Anti-Semitism was virulent in Vienna and it was only a few
years later that, upon applying for the Jesuit school, which
had a quota system, he discovered he was Jewish. When
finally the war ended, the city was starving. From a bread
line, the family would get just one loaf a day, and
Henrietta would take half. Eventually she abandoned her
children. An orphan society sent the two youngest to England
and Holland, and Edgar, now 14, and Carola, 9, to Sweden,
where Edgar was bounced back and forth among four families
for a year. "He always spoke of Sweden with great
affection," Arianne Ulmer relates, "and I have a wonderful
photo of him as a teenage boy sitting with his whole Uppsala
family of Swedish women. He loved Uppsala." By 1920 Ulmer was
back in Vienna, at the Jesuit school, seeking the good,
will-power, and self-control. Because, like young Horace in
Ruthless, he could not handle his anger that his
mother was with another man, he was living on the charity of
the parents of an actor friend, Joseph
Schildkraut. "He did not have
faith," says Arianne. But he had faith in himself. And faith
or the lack of it would be the focus of almost all his
movies. He was fascinated with "the possibility of God, and
the morality and humanity of man and his culture." In each
movie, as in Green Fields, the sense would constantly
appear that ideas and values matter, and perhaps somehow
transcend the individual. "Man couldn't create the world,"

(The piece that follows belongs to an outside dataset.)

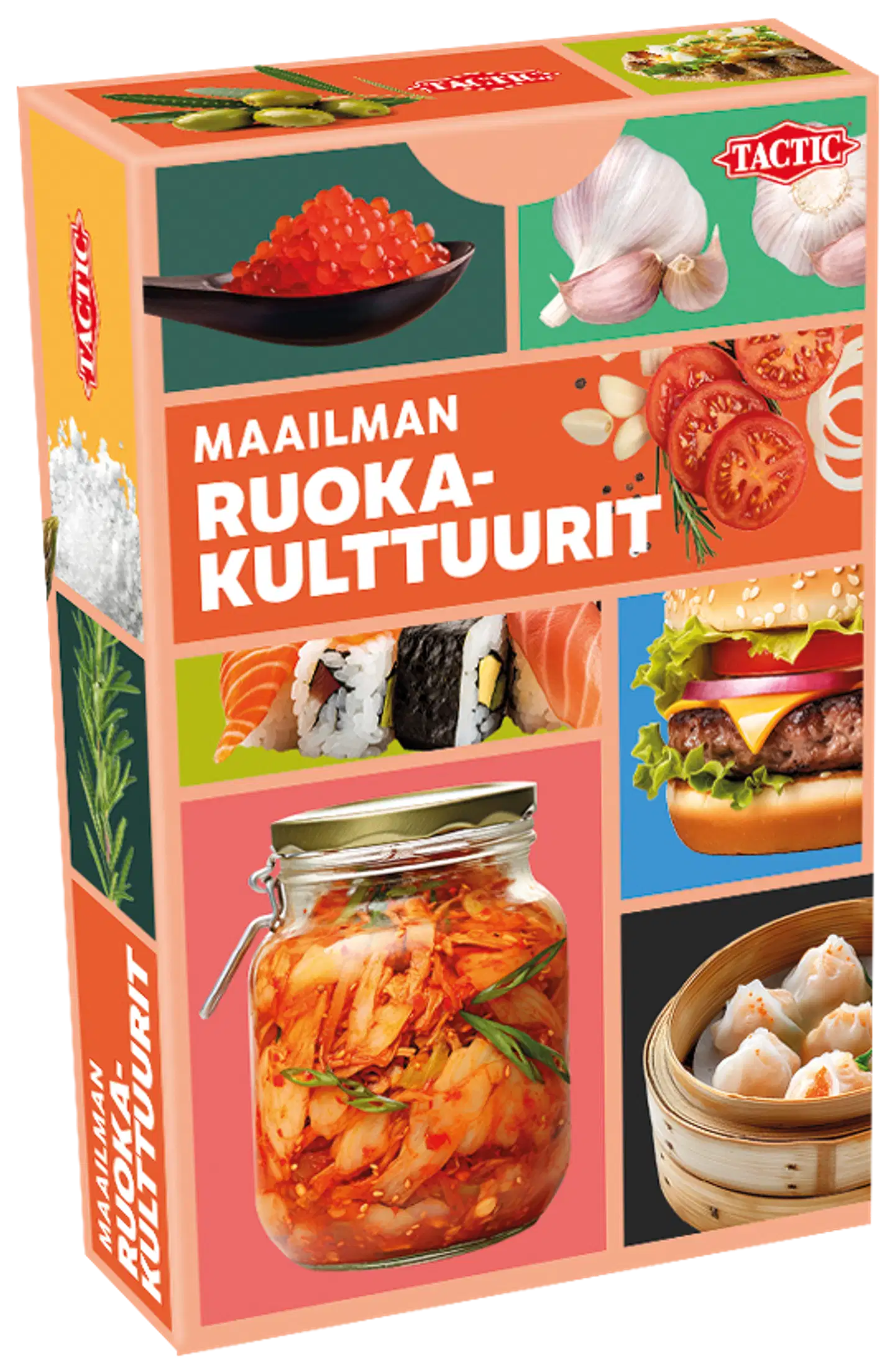 Tactic Korttipeli Maailman Ruokakulttuurit korttikokoinen tietopeli - 1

remarks a boy in Green Fields, and the rabbi replies,
"He can destroy it"-an idea with resonance in 1937, on the
eve of World War II, and one which Ulmer repeats in 1960
with the warnings in Beyond the time barrier (US) of
nuclear winter, and one which is portrayed in every film in
the ways his heroes and villains conduct their lives. There
is always a sense of our actions resonating in time and
space. There is always the matter of being a "good Jew."

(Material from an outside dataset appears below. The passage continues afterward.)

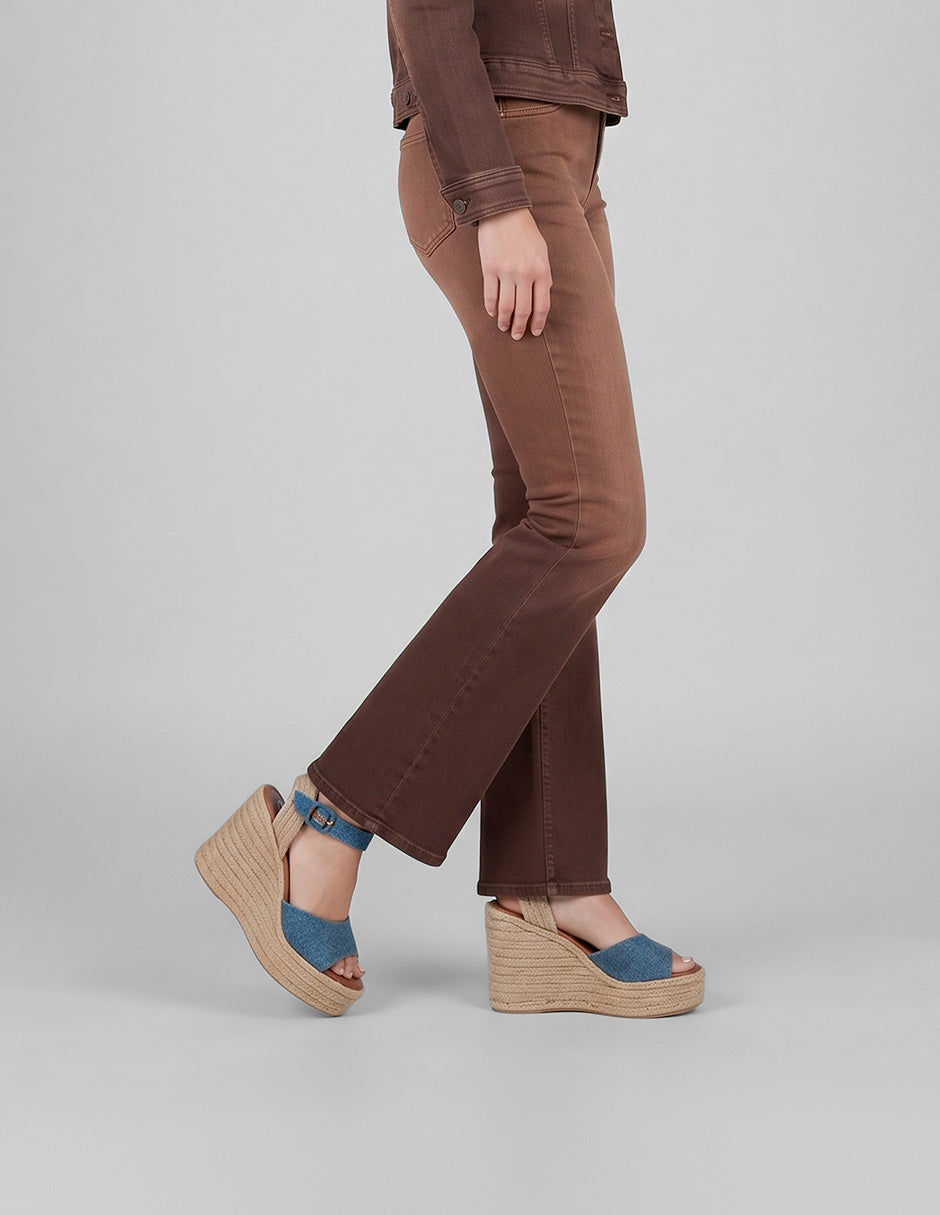 Alpargatas Naia en Textil – Azul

Following Vidor's Hallelujah (US 1929), Ulmer puts
people on a land, in a time, in a
culture; ideas are tangible. Green Fields, typically,
has folk tunes, singing, ceremonies, rituals and proverbs,
and a working-class perspective, and elaborates the
least-important-and-therefore-most-meaningful things in
life, like two girls talking about a boy. By honing
documentary material into skits, choreographing it into
paintings, and orchestrating it into Murnau-like
cinematography, Ulmer, like Murnau's other disciples, Ford
and Rossellini, turns documents into history and melodrama
(opera, when possible), and lets us experience what's going
on in people's emotions. Italian neo-realists, Vidor,
Murnau, Jean Renoir, Ford, Flaherty, and Ulmer, all shared a
populist perspective, and combined documentary with
painterly style and melodrama. Ulmer's movies are a series
of ethnic studies: Hungarians, Yiddish, Ukrainians, blacks
in Harlem, blacks in Alabama, Wall Street tycoons, Navajos,
Mexicans, Berliners, Neapolitans, New York Dutch, Boston
WASPS, Spaniards, Caucasians, Armenians, and Brabantians.
But they are also studies in ethnic faith and
conviction. The critical
wisdom of Ulmer's champions has usually suggested otherwise.

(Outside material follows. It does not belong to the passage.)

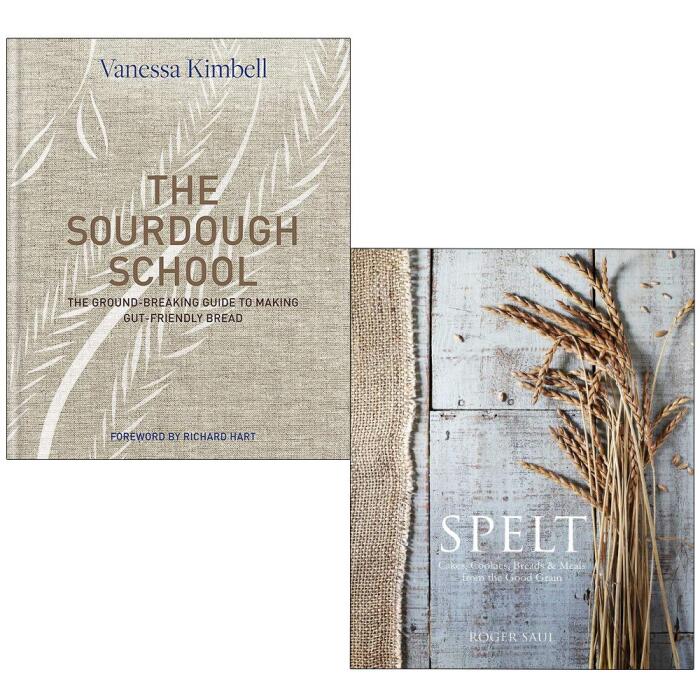 Sourdough School and Spelt 2 Books Collections Set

In 1956 Luc Moullet defined Ulmer's world as "the great
solitude of man without God."[5]
And in 1974 John Belton described it as "an irrational
[world] governed by crazy nightmare more than by any
coldly mechanical sense of fate."[6] [5].
Cahiers du cinéma 58 (April 1956). [6].
The Hollywood professionals, volume 3: Howard
Hawks, Frank Borzage, Edgar G.Ulmer (New York: A.S.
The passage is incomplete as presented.